There are plenty of examples of badly developed software. For every OS, for every browser, for every development platform, for every language. Don't blame the technology, blame the developer.
If there aren't any serious technical reasons why Flash for iphone is a bad idea then I'll give it a nudge. Though it sounds like there might be a few concerns, I'll wait until it's at least in beta to see whether Adobe are likely to address them.
If Apple wasn't such a tyrant, this wouldn't be a problem. But heck, my iPhone experiences sucks. I constantly have to reboot.
I used to have a nice little Free Memory tool in the iStat app. It let me free up memory, and greatly reduced the need to reboot. Apple removed it. Now I am plagued with crashes, freezes, and constantly have to reboot again.
***
"Watching video in Flash on a Mac is a terribly painful experience compared to simply watching video. "
People say this...but when I used a Mac I never really had a problem watching video. And it wasn't some super-mac, just an iMac.
"Flash sites are typically inaccessible to the blind (98% of them are) and their content is not crawleable by Google et al."
So is driving...what percentage of web users are blind. We cater to them, and I am all for improving accessibility. But have NEVER considered it a real justification of complaint.
Cars have been around for an order of magnitude longer than the internet and they are still not accessible to the blind.
"Nowadays, an awful lot can be done with JavaScript, CSS3 and HTML5, rendering a lot of things Flash is used for obsolete."

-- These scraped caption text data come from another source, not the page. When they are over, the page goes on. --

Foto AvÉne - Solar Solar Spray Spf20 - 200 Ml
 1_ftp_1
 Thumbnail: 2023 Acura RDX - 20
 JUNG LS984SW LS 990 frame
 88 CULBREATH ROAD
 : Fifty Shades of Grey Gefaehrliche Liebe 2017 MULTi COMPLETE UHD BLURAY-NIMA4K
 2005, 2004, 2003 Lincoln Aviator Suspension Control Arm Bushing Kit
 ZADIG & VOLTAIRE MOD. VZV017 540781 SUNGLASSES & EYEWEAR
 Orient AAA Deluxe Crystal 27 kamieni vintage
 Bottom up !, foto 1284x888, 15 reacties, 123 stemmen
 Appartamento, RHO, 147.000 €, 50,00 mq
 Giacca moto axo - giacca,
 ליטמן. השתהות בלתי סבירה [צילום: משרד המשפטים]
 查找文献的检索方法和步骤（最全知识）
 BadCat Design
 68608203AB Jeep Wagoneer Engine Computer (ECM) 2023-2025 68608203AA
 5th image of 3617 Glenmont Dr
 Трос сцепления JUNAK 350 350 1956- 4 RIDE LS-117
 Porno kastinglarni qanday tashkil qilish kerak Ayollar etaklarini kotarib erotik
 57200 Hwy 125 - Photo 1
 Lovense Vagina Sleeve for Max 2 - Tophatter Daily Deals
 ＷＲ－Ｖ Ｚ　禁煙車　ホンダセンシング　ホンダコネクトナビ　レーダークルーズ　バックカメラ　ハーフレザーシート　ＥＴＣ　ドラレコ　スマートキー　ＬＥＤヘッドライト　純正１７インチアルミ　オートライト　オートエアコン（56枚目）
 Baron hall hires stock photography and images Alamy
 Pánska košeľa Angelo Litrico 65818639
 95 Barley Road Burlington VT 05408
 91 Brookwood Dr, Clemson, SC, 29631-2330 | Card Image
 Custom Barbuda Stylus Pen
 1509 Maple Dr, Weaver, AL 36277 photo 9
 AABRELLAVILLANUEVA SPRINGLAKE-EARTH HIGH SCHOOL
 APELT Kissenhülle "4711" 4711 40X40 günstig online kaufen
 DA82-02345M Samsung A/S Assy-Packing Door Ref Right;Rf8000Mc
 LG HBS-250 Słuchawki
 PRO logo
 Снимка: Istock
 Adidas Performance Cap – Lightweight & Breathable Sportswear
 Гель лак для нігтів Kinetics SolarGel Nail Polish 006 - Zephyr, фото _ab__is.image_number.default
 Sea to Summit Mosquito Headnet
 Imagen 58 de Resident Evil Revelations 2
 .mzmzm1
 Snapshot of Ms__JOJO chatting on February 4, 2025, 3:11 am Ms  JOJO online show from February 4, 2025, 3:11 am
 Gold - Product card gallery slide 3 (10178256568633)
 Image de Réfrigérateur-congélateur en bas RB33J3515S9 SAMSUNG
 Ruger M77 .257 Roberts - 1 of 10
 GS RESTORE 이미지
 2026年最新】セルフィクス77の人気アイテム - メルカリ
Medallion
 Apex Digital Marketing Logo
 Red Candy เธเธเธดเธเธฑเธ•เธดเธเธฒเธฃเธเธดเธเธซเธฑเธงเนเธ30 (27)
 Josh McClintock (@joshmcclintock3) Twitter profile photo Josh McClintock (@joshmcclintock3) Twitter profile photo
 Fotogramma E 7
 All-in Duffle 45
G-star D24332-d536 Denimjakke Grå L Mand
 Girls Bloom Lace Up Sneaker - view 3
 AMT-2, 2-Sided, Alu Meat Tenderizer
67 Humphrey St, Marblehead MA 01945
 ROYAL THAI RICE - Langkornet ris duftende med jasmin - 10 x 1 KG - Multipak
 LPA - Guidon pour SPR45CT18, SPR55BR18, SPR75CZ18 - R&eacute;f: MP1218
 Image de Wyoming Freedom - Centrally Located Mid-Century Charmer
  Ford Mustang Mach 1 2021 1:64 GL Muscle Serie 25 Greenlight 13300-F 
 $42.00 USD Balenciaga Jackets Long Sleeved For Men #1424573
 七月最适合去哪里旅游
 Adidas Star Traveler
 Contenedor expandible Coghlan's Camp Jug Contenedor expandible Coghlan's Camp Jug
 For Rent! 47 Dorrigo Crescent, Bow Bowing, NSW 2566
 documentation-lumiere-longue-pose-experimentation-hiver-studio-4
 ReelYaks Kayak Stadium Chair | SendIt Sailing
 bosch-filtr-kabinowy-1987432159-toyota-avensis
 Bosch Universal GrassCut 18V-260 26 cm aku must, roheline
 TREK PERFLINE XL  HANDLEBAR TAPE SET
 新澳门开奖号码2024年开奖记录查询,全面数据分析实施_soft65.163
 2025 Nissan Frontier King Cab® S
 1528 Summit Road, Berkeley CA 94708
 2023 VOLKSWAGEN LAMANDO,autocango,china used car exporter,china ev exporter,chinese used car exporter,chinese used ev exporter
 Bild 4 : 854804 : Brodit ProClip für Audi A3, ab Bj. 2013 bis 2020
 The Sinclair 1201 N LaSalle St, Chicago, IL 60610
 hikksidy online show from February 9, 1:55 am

Sorry, I've found very few AJAX apps to perform as well as Flash apps. Furthermore, new browsers and browser updates can render AJAX apps unworkable.
***
Lastly, Apple's restrictive behaviours are what's to blame. Adobe's just working on a solution.
And remember...this is just a beta.
********
Let me lastly add, that the AJAX code being used on this blog is not rendering properly and results in me not being able to post easily. Just goes to show that AJAX as well as Flash can have poorly written apps. And I tend to experience a lot more AJAX ones personally.
mga: I agree, at a technical level there is not much of a technical difference between this and Unity. The issue that doing something like this is very tricky, and some of us doubt Adobe's follow through.
The Saj: The iPhone is Apple's playground, they get to make the rules, and anyone developing for it should make peace with that. That is another reason I would not use this tool, because I doubt Apple likes it, and they could choose to modify the SDK terms to disallow it. That isn't a technical issue, but it is a risk early adopters.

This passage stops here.